The best advice right now is the simplest: “go outside”

I don't normally remember my dreams but I had one recently that has stayed with me.

In the dream, I’m standing next to a river with my great-grandmother. I never really knew her. She died shortly after I was born. I have a memory of a black and white photograph of her: she was a short, wrinkled mestiza with a tired smile. All families tell stories and one story my family told was how my great-grandmother knew ancient native secrets. She was a devout Catholic but, also, had spoken with the spirits that haunt the desert.

She wore the same tired smile from the black and white photograph. I was happy to see her again even if I was meeting her for the first time. And so we stood there, together. I think the river may have been the Rio Grande but I’m not sure. I don’t know whether we were in Texas or Mexico, either. It was sunny and hot and the sound of cicadas buzzing filled the air. She pointed across the river with graceful brown finger. I stared across the water and at low hills in the distance.

When I turned back she was hugging me. She whispered words into my chest that I couldn’t hear because the cicadas were buzzing louder than before. If I had spent years sleeping in the dirt I’d be singing at the top of my lungs too. I don’t know what she was whispering into my heart: a prayer, a spell, advice.
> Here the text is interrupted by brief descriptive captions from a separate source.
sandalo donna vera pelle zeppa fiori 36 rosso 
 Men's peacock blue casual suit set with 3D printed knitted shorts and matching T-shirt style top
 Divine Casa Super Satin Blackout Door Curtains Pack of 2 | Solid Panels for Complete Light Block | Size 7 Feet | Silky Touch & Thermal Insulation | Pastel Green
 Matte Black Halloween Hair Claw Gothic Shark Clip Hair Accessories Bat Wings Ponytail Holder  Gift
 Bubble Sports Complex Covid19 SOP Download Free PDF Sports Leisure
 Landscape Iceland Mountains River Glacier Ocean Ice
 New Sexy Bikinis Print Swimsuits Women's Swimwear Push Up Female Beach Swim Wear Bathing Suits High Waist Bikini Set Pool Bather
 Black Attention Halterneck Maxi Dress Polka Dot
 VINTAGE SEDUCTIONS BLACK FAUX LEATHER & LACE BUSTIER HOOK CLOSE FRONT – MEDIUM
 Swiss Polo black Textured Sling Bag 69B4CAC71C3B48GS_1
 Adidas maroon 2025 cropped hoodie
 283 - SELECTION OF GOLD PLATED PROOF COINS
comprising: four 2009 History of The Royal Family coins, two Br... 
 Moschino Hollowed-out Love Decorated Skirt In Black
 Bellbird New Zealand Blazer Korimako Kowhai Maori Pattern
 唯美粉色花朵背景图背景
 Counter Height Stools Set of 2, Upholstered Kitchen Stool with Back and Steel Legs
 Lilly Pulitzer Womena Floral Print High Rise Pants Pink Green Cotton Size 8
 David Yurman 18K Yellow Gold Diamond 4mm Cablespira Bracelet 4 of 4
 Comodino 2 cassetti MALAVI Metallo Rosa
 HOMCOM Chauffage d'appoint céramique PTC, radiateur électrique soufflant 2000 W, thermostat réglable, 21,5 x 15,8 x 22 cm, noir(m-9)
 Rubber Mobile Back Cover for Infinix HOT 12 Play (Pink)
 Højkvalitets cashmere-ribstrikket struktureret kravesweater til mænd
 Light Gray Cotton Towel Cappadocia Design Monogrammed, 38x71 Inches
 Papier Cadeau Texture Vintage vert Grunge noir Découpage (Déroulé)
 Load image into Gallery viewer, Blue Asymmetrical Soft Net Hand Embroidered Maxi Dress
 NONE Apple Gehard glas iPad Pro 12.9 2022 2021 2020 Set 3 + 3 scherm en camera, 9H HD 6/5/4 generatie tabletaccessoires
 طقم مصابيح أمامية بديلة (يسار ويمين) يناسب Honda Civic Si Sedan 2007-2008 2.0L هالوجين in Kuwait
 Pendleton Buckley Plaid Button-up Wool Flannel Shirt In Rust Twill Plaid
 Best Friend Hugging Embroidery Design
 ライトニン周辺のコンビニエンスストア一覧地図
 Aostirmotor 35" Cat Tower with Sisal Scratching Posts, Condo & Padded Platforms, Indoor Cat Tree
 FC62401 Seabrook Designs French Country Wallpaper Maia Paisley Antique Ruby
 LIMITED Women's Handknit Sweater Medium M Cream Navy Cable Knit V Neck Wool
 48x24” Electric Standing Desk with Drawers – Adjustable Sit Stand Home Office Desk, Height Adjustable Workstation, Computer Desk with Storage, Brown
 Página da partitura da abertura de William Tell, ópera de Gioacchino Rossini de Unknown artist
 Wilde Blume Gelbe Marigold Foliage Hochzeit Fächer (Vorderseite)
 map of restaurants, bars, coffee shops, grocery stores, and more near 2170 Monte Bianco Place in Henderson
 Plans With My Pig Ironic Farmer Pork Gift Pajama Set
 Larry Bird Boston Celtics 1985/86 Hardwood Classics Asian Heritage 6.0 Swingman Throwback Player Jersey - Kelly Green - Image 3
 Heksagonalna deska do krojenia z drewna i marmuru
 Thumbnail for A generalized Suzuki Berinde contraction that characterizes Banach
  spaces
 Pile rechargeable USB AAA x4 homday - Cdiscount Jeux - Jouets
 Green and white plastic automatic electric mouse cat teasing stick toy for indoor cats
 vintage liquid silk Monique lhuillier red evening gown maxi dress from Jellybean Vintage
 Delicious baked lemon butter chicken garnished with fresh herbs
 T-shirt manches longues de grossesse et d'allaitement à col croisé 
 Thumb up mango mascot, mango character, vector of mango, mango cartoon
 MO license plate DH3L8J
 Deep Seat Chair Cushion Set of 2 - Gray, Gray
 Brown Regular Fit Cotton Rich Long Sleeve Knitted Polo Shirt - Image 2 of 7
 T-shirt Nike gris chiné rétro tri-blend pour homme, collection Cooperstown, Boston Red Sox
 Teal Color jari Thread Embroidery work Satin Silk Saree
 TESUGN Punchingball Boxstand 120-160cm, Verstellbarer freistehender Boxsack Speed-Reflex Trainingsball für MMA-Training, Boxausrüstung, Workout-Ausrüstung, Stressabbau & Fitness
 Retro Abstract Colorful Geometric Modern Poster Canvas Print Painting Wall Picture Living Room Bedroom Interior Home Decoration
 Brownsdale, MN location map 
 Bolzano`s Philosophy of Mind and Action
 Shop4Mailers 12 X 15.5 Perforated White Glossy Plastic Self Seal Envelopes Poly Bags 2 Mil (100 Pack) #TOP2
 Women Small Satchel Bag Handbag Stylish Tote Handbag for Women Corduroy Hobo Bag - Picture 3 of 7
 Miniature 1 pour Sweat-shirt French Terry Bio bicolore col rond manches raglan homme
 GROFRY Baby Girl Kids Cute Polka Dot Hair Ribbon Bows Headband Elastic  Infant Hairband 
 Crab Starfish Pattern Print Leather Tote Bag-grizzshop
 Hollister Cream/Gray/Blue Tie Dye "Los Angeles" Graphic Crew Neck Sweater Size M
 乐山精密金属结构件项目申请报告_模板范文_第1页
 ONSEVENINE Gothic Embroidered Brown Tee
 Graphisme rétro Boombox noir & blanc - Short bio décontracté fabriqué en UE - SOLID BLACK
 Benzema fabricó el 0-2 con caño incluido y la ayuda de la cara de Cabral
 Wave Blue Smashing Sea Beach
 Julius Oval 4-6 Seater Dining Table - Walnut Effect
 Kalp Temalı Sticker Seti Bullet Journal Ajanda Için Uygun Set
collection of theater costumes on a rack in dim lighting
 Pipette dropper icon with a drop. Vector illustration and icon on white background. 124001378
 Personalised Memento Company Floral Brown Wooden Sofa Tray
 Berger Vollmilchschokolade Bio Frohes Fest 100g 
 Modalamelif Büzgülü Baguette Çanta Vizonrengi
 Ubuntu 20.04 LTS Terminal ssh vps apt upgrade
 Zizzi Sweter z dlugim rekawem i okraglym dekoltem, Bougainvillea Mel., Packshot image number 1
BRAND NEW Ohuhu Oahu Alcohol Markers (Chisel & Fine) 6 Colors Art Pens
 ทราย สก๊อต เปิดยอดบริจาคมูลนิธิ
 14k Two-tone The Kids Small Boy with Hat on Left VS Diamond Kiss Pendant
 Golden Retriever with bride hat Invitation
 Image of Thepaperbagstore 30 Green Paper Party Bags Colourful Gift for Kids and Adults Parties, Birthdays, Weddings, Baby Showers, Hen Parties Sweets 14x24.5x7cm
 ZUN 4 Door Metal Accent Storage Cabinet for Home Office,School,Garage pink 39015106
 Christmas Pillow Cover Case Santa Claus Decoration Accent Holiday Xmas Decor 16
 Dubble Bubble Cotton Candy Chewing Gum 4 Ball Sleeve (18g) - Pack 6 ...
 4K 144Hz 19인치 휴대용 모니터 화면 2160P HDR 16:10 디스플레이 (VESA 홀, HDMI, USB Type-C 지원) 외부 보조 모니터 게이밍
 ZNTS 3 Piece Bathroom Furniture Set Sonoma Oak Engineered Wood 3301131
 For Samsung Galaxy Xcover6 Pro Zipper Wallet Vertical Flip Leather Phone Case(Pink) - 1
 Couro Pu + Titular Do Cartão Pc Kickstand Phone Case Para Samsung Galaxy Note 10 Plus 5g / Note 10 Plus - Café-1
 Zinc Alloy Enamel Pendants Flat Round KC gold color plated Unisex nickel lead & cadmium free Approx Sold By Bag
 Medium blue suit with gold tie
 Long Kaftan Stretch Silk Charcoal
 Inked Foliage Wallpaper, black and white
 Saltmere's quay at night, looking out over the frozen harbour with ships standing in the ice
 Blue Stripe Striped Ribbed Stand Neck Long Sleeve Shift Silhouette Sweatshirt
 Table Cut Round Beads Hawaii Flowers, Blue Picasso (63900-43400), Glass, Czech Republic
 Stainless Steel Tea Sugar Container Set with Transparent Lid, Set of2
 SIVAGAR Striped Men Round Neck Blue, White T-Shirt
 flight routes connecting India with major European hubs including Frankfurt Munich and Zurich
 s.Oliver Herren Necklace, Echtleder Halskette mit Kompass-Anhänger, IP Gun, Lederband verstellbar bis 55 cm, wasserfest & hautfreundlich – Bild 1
I think she was speaking in Spanish and, in the dream, I felt guilty for not knowing how to speak it. I never wanted my mother to teach it to me when I was growing up. Then she slowly stepped back with tears in her eyes and I was a tree. In the dream, I thought “I am a tree.” I don’t know what kind of tree. Mesquite or a cypress? I couldn’t see myself but I could wiggle my roots deep in the dirt. When I woke up my first thought was “I am a tree.”

I am a tree.

I sat under a tree in a park in New York City the other day. I don’t know why I did that but I did. I closed my computer and put my phone in my desk drawer and went outside. One moment I was reading the words of an internet doomsayer and the next I was walking outside towards the park. On the way to the park, I saw two well-dressed young men bickering intensely outside of a trendy coffee shop, and one of them held his croissant like a gun.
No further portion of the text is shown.